Date: Tuesday, January 17, 2012
Time: 3:45 PM
Time: 3:45 PM
Room: Golden Ballroom
Genome annotation is one of the most difficult tasks in genome sequencing projects, but it is essential for connecting genome sequence to biology. With the advent of next-generation sequencing technologies new genomes are being sequenced at a faster rate than they are being fully and correctly annotated. To manage the large amount of data generated by >1Gb genome size sequencing projects, sequence annotation needs to be automated.To achieve a systematic and comprehensive annotation of the bread wheat genome sequence, a parallelized automated pipeline, called TriAnnot (http://www.clermont.inra.fr/triannot), has been developed under the umbrella of the IWGSC (http://www.wheatgenome.org), and installed on a cluster of 712 cores (60 TB, 8.5 Tflops) . The goals of TriAnnot are to provide the international scientific community with an online user-friendly interface for simple BAC or BAC contig analysis and to facilitate large scale analysis such as the annotation of the ~1 Gb wheat chromosome 3B sequence.
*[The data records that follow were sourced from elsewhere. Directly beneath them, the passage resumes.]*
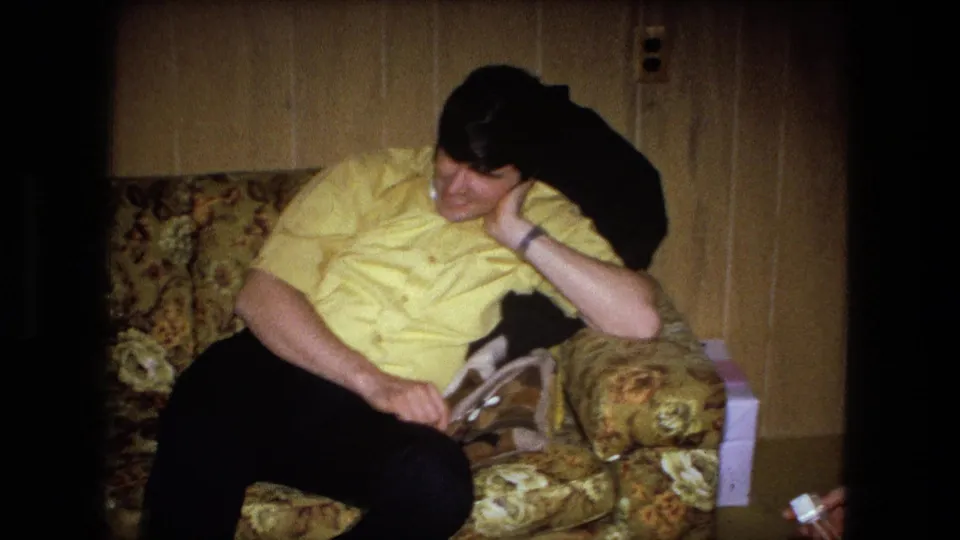 A man in a yellow shirt relaxes on a floral-patterned sofa inside a wood-paneled room in the same 1973 home-movie clip.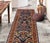 Enhance the ambiance of your home with this magnificent Persian-influenced Turkish hand-knotted rug made by skilled...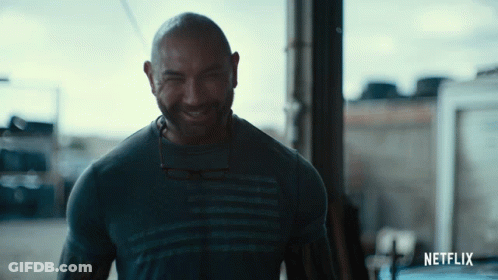 A Man Wearing A Netflix Shirt Is Smiling GIF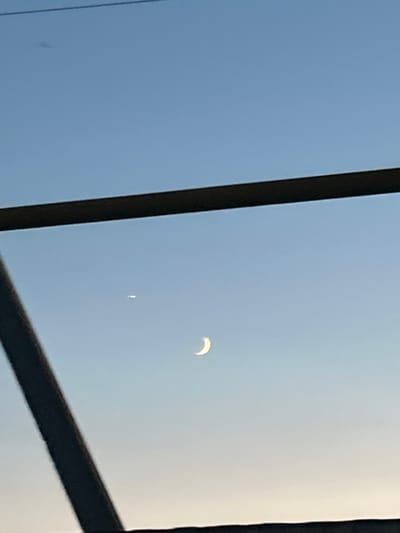 The image captures a partial solar eclipse seen from Sibay, Russia. The sky is a clear, pale blue, suggesting it is daytime, likely mid-morning or afternoon, with bright sunlight. A thin, crescent-shaped sliver of the sun is visible, indicating that the moon is partially obscuring it. There is also a faint, white, vertical line or streak in the sky below the crescent, its nature unclear from the image alone. The scene is framed by dark, thick, possibly metallic or wooden beams, suggesting the view is through a window or structure, perhaps a rooftop or an industrial setting. The overall impression is one of observation and a celestial event in progress. There is no visible text in the image.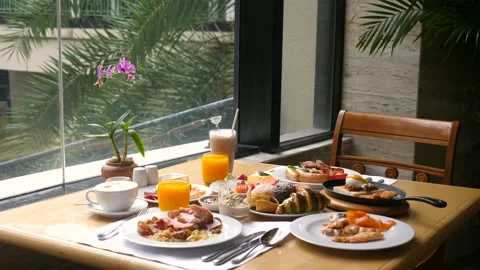 Table with food and drinks for dinner, lunch or brunch in restaurant or cafe 動画素材 165488920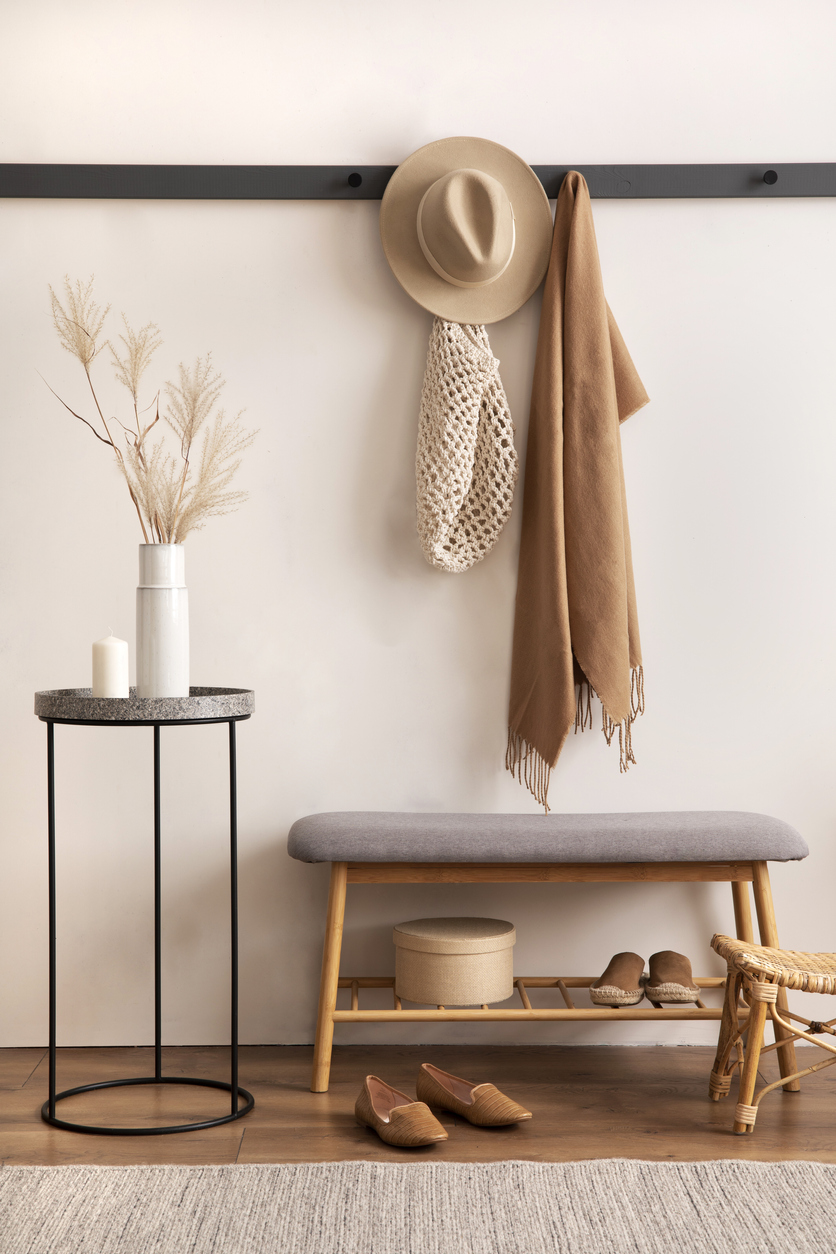 Warm and cozy interior design of bright entryway with gray bench, black hanger, brown scarf, beige hat, round coffee table, white vase with dried flowers, shoes, woven shopping bag and personal accessories. Home decor. Template.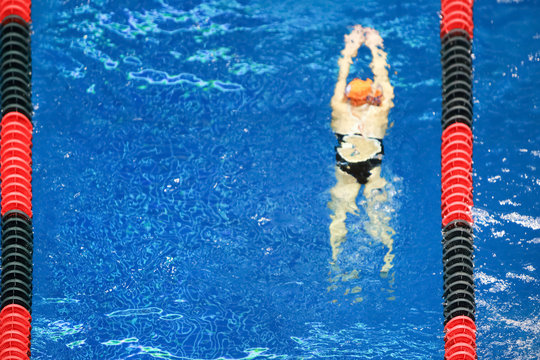 Blurred background of a young swimmer underwater after diving into the pool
The modular architecture of the TriAnnot pipeline allows the annotation of repeats and Transposable Elements (TEs), protein-coding genes structural and functional annotation, RNA-coding genes and other biological features identifications. The pipeline uses 73 databanks and 21 bio informatics programs. EMBL/GFF output files can be displayed with GBrowse, Artemis and GenomeView to help further manual expertise. The pipeline can be adapted to the annotation of other plant species. We will explain how to use TriAnnot for small (web interface) or large scale analyses (unix command line), as well as describe the different output files and their use using wheat case studies.